Its use is a small lesson in not just choosing needle drops carefully but also being conscious of the specific lyrics used and emphasized. The edit heard in the show — further hindered by bouts of diegetic distortion — fails to effectively get across anything beyond the track's eponymous refrain. Especially given the deliberate choice to end on the song's John F. Kennedy quote, it almost seems like the show is shooting for a terribly misguided literal read of the song that lauds Daryl and Mercer as a cult of good personality. However, this couldn't be further from the song's (and likely the creative team's) intent. Kennedy's quote shouldn't be memorialized or valorized — and neither should the heroes on "The Walking Dead."

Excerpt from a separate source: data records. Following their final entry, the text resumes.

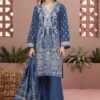 bds240409 navy 4.jpg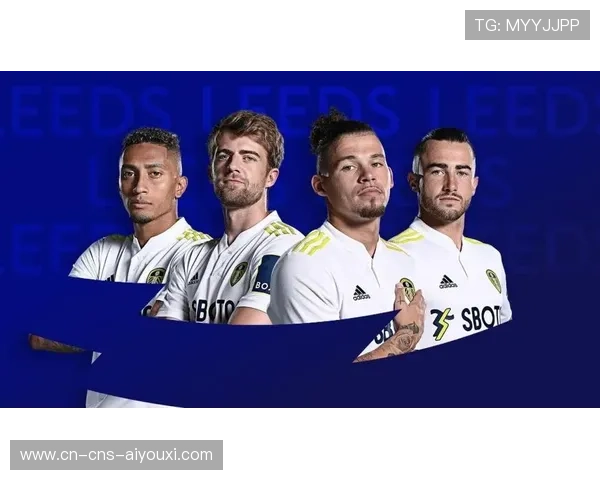 水晶宫与利兹联比赛结束，升班马表现评估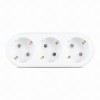 Triplu Stecher Ceramic cu CP, IPEE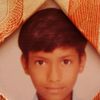 sandip.khadka15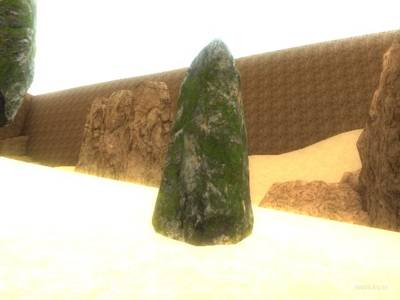 de_burrow thumb 16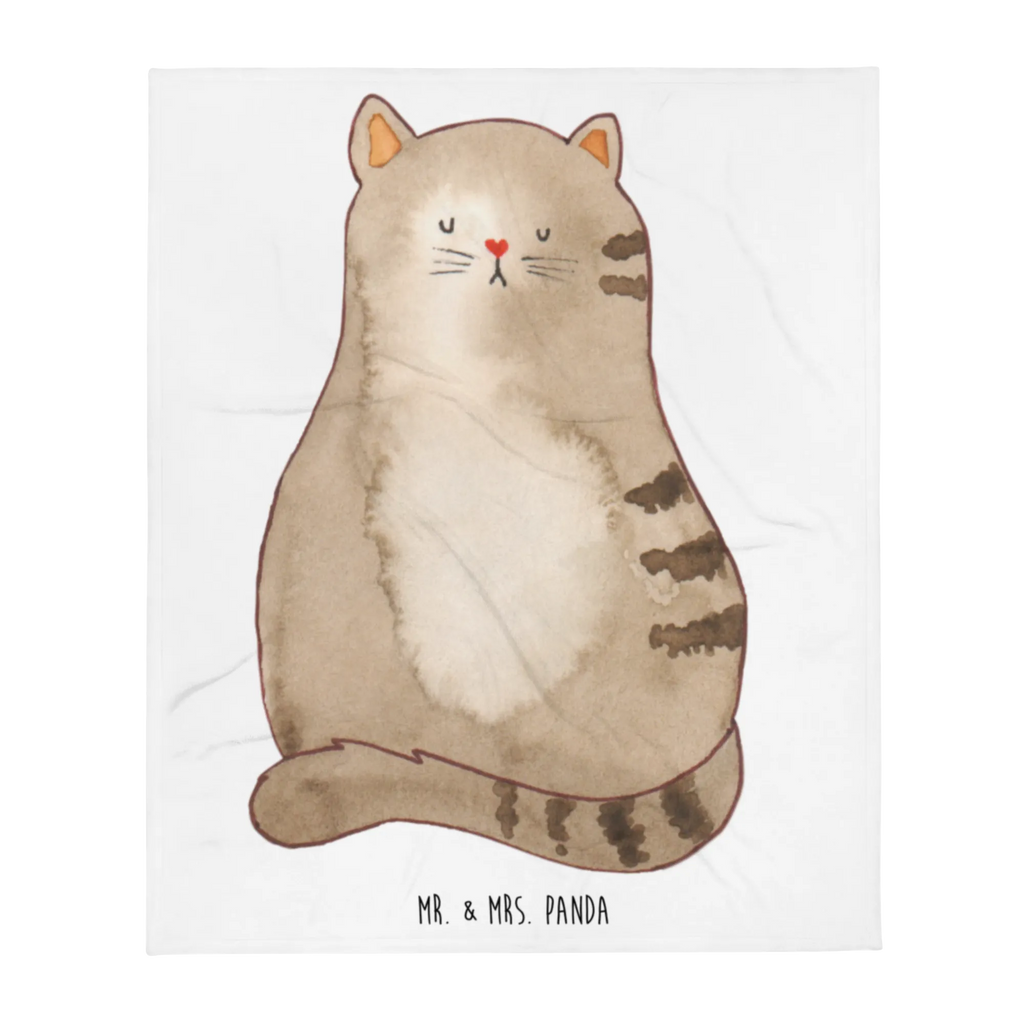 Kuscheldecke Katze sitzend Wohndecke, Wolldecke, Decke, Tagesdecke, Sofadecke, Katze, Katzenmotiv, Katzenfan, Katzendeko, Katzenfreund, Katzenliebhaber, Katzenprodukte, Katzenartikel, Katzenaccessoires, Katzensouvenirs, Katzenliebhaberprodukte, Katzenmotive, Katzenliebe, Katzen, Katzenbesitzerin, Haustier, Kater, Cats, Familie, Liebe, Lebensinhalt, Cat, Mietze, Katzenhalter, Mittelpunkt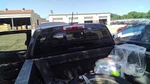 Canyon 2019 Transmission Shift 2069742 Used. Price: $153.89.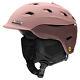 2021 Smith Vantage Mips Women's Helmet Ski Snowboard Protection New Vantagew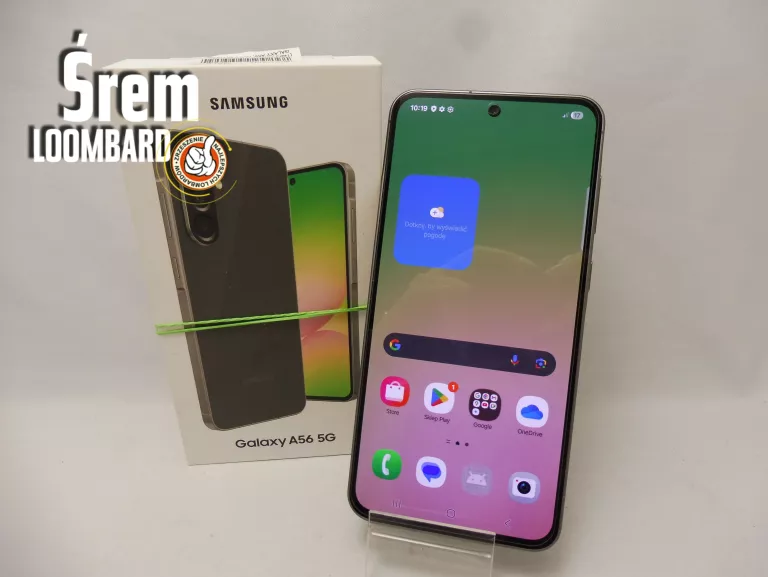 telefon-samsung-galaxy-a56-8gb128gb-komplet-bdb-stan-chlapowskiego-19b-srem-centrum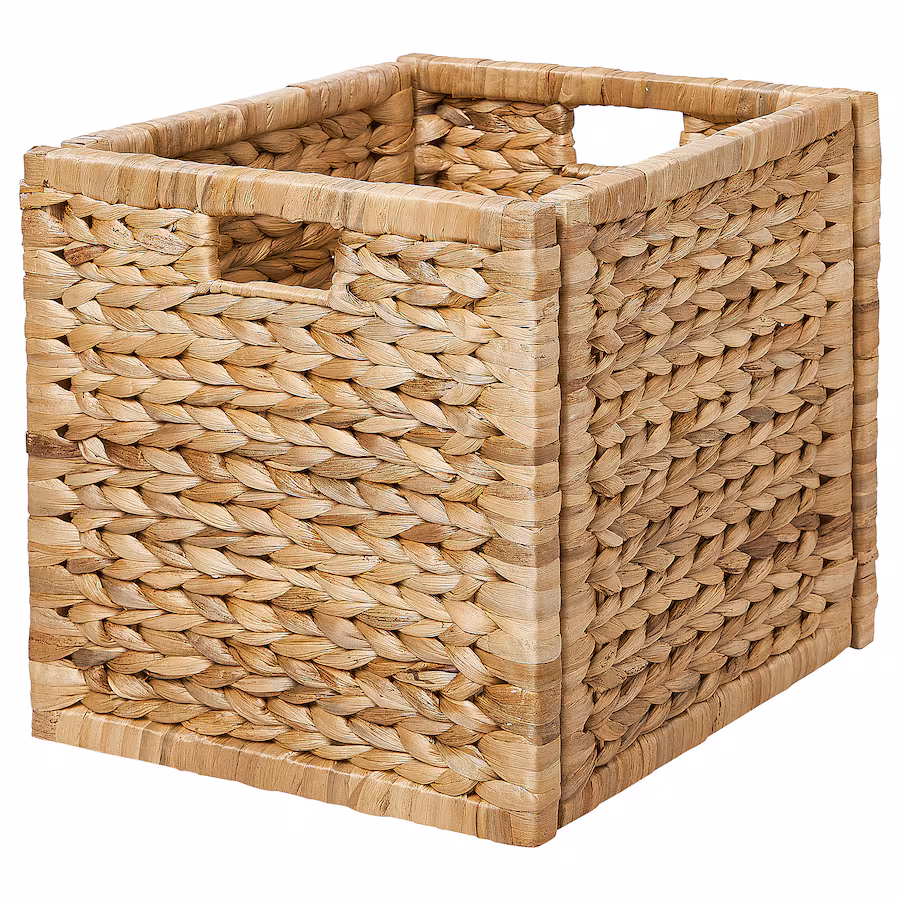 Panier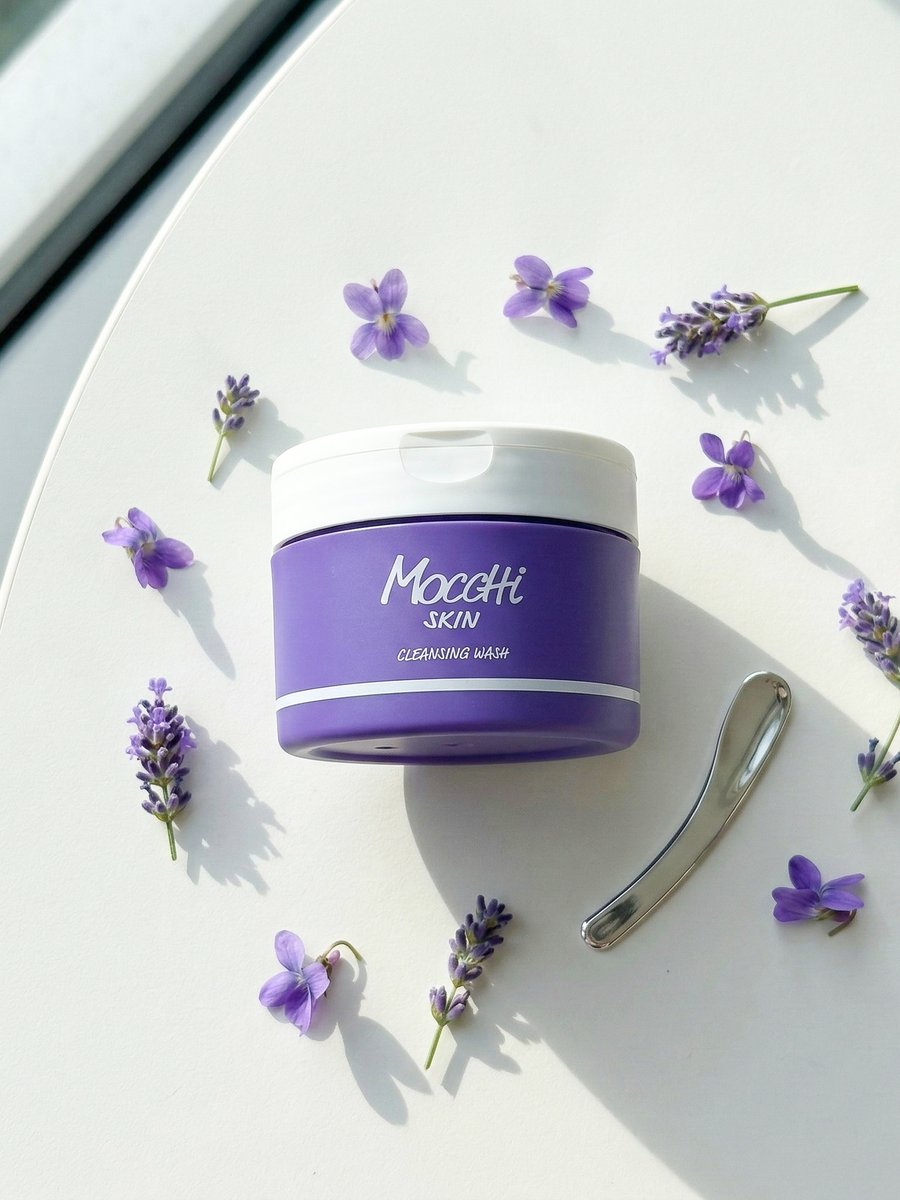 ジェイ・ウォーカー【公式】モッチスキン|バラランス|ビタオン tweet media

What does the song say about leadership?

As the band's guitarist, Vernon Reid, said of the song's lyrics, "The whole idea was to move past the duality of: That's a good person and that's a bad person. What do the good and the bad have in common?" (via The Ringer). What connects the disparate political leaders mentioned in the lyrics is their inflated public image, an image that can be used and manipulated to posthumously absolve them of wrongdoing, rally armies to commit atrocities, or simply obscure the fact that leaders are anything more than imperfect people given immense power.

A leader is good or bad not based on their public image but based on what they do for the public. It almost works for "The Walking Dead" in that sense — it's just a shame that it requires so much extraneous research and knowledge to connect those dots. Perhaps it's impossible to get this message across clearly to new listeners, especially in such a truncated form — but then why use the song at all? It ultimately fails as an anthem of rising change and instead reads as a smirking critique of it.

Perhaps this lyrical selection is meant to be a nod to Pamela's bleak reign over the Commonwealth — a snarling eulogy for her rule. Then again, the whole moment may just be a fun, simple nod to professional wrestler and "Walking Dead" fan CM Punk, who uses the song as his entrance music and has appeared numerous times on "Talking Dead," including its finale (via 411mania.com).